Usage information for vw

The program "vw" implements all the algorithms, depending on flags.
 12:45PM wifetries-741: vw

Allowed options:
  -b [ --bit_precision ] arg (=18)       number of bits in the feature table
  -c [ --cache ]                         Use a cache.  The default is 
                                         .cache
  --cache_file arg                       The location of a cache_file.
  -d [ --data ] arg                      Example Set
  --decay_learning_rate arg (=0.7071068) Set Decay Rate of Learning Rate
  -f [ --final_regressor ] arg           Final regressor
  -h [ --help ]                          Output Arguments
  -i [ --initial_regressor ] arg         Initial regressor
  --initial_t arg (=1)                   initial t value
  --power_t arg (=0)                     t power value
  -l [ --learning_rate ] arg (=0.1)      Set Learning Rate
  --passes arg (=1)                      Number of Training Passes
  -p [ --predictions ] arg               File to output predictions to
  -q [ --quadratic ] arg                 Create and use quadratic features
  -r [ --raw_predictions ] arg           File to output unnormalized 
                                         predictions to
  -s [ --seg ]                           Use SEG algorithm
  -t [ --testonly ]                      Ignore label information and just test
  --threads arg (=1)                     Number of threads
  1. -b [ --bit_precision ] arg The internal representation of the learning algorithm is a large array of floats which are indexed by hashing the feature value. This flag controls log2 of the array size. If you want no collisions, then you need the 2*log(number of features) by the birthday paradox. On very large datasets where we can't easily represent all the features, we found this mechanism for sparsity to be more effective than the sparsification technique used in version 1. Note that your speed may be highly dependent on this parameter---if the weight vector fits in the l2 cache, you can be extremely efficient.
  2. -c [ --cache ] Whether or not to use a cache. For linear representations, this typically results in an order of magnitude speedup. The cache file contents depend on -b, and this dependence is autochecked. If a valid cache is not found, the program starts creating one.
  3. --cache_file arg The location of the cache file. By default it is data_file.cache.
  4. -d [ --data ] arg The training or testing file. See below for the format. The "-d" flag isn't necessary, because an unflagged argument is the datafile by default.
  5. --decay_learning_rate arg The learning rate is multiplied by this quantity after every pass over the data.
  6. -f [ --final_regressor ] arg Which file to output the final regressor into.
  7. -h [ --help ] Output the set of flags. Using no arguments has the same effect.
  8. -i [ --initial_regressor ] arg Start by loading an initial regressor. The regressor file contains -b, -s, and -q flag arguments used when producing the regressor and will overrule any that you try to give.
  9. --initial_t arg (=1) An offset to the initial count. This only impacts learning if the learning rate decays with t.
  10. --power_t arg (=0) The power on 1/(initial_t + t) which controls the learning rate.
  11. --passes arg The number of times the learning algorithm passes over the data.

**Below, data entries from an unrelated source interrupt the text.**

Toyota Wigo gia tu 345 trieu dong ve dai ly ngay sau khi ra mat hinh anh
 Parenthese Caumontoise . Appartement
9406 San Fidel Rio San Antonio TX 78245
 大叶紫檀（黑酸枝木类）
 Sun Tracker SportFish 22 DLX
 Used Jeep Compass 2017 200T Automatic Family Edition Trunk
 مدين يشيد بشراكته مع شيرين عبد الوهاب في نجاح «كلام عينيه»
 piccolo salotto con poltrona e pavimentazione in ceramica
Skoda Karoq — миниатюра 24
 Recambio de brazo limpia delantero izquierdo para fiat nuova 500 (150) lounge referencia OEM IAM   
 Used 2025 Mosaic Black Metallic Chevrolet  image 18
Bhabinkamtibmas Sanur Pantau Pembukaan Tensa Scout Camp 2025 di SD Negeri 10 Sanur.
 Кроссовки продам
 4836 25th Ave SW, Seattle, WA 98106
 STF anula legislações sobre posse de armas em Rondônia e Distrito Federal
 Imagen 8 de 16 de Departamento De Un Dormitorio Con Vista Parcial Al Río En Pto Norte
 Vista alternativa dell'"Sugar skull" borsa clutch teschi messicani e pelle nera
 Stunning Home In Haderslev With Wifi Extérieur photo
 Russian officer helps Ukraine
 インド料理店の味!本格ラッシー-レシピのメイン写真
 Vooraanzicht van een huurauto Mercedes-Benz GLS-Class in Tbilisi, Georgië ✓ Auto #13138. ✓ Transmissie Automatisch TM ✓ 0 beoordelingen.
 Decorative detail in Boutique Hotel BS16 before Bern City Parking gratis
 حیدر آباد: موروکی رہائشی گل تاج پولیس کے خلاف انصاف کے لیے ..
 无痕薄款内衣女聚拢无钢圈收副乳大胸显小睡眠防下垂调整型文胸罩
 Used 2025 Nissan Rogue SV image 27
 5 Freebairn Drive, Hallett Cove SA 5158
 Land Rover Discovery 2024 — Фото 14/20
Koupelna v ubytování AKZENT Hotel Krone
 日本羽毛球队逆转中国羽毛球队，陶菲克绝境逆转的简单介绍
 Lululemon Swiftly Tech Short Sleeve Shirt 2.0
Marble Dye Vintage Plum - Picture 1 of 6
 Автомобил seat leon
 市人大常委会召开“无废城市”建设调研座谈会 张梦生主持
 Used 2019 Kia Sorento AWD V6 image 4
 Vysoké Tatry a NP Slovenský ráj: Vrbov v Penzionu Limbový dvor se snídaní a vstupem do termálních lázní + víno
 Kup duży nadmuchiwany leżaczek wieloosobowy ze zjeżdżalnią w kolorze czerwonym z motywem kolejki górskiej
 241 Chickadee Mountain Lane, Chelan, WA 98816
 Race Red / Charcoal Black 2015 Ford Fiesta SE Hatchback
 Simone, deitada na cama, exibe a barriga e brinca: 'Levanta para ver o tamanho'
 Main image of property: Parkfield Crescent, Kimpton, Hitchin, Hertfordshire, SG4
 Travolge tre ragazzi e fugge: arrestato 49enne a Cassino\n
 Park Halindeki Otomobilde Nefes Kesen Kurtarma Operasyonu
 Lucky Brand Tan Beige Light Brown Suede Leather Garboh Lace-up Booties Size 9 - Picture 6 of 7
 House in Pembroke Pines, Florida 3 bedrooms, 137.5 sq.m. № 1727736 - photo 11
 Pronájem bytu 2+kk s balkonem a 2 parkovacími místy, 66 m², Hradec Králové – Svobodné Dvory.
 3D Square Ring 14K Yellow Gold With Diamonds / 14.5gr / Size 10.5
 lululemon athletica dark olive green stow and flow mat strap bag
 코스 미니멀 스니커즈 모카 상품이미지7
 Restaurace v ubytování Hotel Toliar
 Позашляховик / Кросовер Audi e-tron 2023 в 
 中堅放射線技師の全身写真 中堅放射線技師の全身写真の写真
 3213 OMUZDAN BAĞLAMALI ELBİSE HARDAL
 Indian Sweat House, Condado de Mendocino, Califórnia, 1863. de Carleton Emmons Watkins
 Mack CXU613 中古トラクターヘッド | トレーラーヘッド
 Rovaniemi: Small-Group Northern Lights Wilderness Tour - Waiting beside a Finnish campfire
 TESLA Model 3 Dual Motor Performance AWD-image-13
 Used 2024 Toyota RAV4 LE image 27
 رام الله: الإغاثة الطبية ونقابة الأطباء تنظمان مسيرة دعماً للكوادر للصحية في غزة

We found that decaying the learning rate by a factor of 1/20.5 was effective, so this is the default. You can change the decay rate via --decay_learning_rate or create your own multipass algorithm via use of --initial_regressor.
  12. -p [ --predictions ] arg File to output predictions to. This can be used during either training or testing. Note that if order matters then you should set --threads 1.
  13. -q [ --quadratic ] arg Whether or not and which quadratic features to create. The argument is two characters---the first character of two namespaces which are created.
  14. -r [ --raw_predictions ] arg A file to output raw (unnormalized) prediction to. This is sometimes helpful if you are using the score for ordering rather than probabilistic prediction.
  15. -s [ --seg ] Use the specialist exponentiated gradient algorithm.
  16. -t [ --testonly ]
  17. Ignore any available label information and don't train. You probably want to use -p and --threads 1 also.
  18. --threads arg The number of threads to use. Performance can vary substantially depending on whether the datafile is cached in RAM and whether the weight vector fits in your level 2 cache. The default is 2.

Data file format

The training set is a line-by-line format of the form <label> <weight> |<namespace> <feature> <feature> ... |<namespace> <feature> <feature> ...

The semantics is: features with the same name are different features in different namespaces. See the datasets above for examples. If you want to specify a value for a feature, you do this by adding :<float> to the namespace (for all features in the namespace) or the feature. For example "|txt:-1 foo bar baz" would say that the features "foo", "bar", and "baz" each have value -1 (rather then the default of 1). If you don't specify a label, the learning algorithm doesn't try to learn (but it does test). If you don't specify a weight, it defaults to 1.